Tech imports continue to drive growth
Despite the narrowing deficit, U.S. imports continued to expand.
Goods imports rose by $6.4 billion in April to $304.9 billion. Capital goods imports increased by $7.0 billion, the main driver of import growth. Computer imports rose by $2.2 billion, semiconductors by $1.7 billion, and telecommunications equipment by $1.6 billion.
Services imports increased by $1.3 billion to $78.0 billion, driven mainly by rising demand for transportation, travel, and insurance services.
Analysts believe that continued corporate purchases of high-tech equipment reflect sustained investment activity.

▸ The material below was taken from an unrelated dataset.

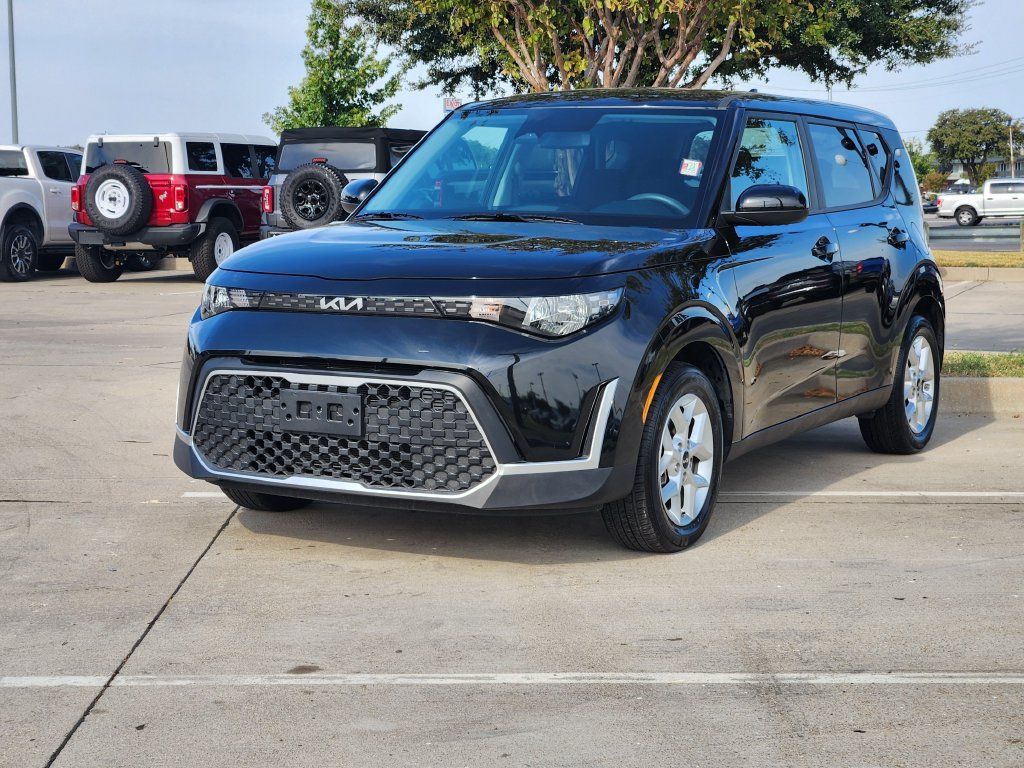 Used 2025 Kia Soul LX w/ LX Technology Package FWD image 2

At the same time, the expansion of AI infrastructure and data centers is also driving demand for semiconductors and computer equipment.

US–China trade deficit narrows further
By trading partner, the U.S. trade balance with several major economies shifted significantly.
In April, the U.S. goods trade deficit with China narrowed by $2.6 billion to $12.0 billion, one of the lower levels in recent years.
Meanwhile, the U.S. trade surplus with Central and South America expanded by $2.6 billion to $7.8 billion, while the surplus with the United Kingdom narrowed from $3.8 billion to $2.6 billion.
BEA data show that in Q1 2026, the U.S. trade position with the European Union improved significantly, shifting from a $3.0 billion deficit in Q4 2025 to a $9.2 billion surplus. The U.S. trade surplus with Hong Kong expanded to $15.5 billion, while the deficit with Taiwan widened further to $59.1 billion.
Trade performance improves significantly year-to-date
Cumulatively, U.S. trade conditions in the first four months of this year are significantly better than a year earlier.
As of the end of April, the cumulative U.S. goods and services trade deficit decreased by $213.5 billion compared with the same period in 2025, a 49.1% decline. Exports rose by $128.2 billion (+11.3 percent), while imports fell by $85.3 billion (-5.5 percent).
The same report also included annual statistical revisions. Goods trade data were revised back to 2021, and services data back to 1999. Officials stated that while historical figures were adjusted, the revisions did not change the overall long-term trend of persistent U.S. trade deficits.
The Census Bureau and BEA jointly publish monthly trade statistics. The next report, covering May 2026 data, is scheduled for release on July 7.
Notably, amid ongoing efforts by the Trump administration to reshore manufacturing, expand energy exports, and adjust global trade relationships, the narrowing of the trade deficit compared with last year has become an important indicator of White House economic policy performance. However, several economists caution that future trade performance will continue to be influenced by global demand, exchange rates, and geopolitical factors.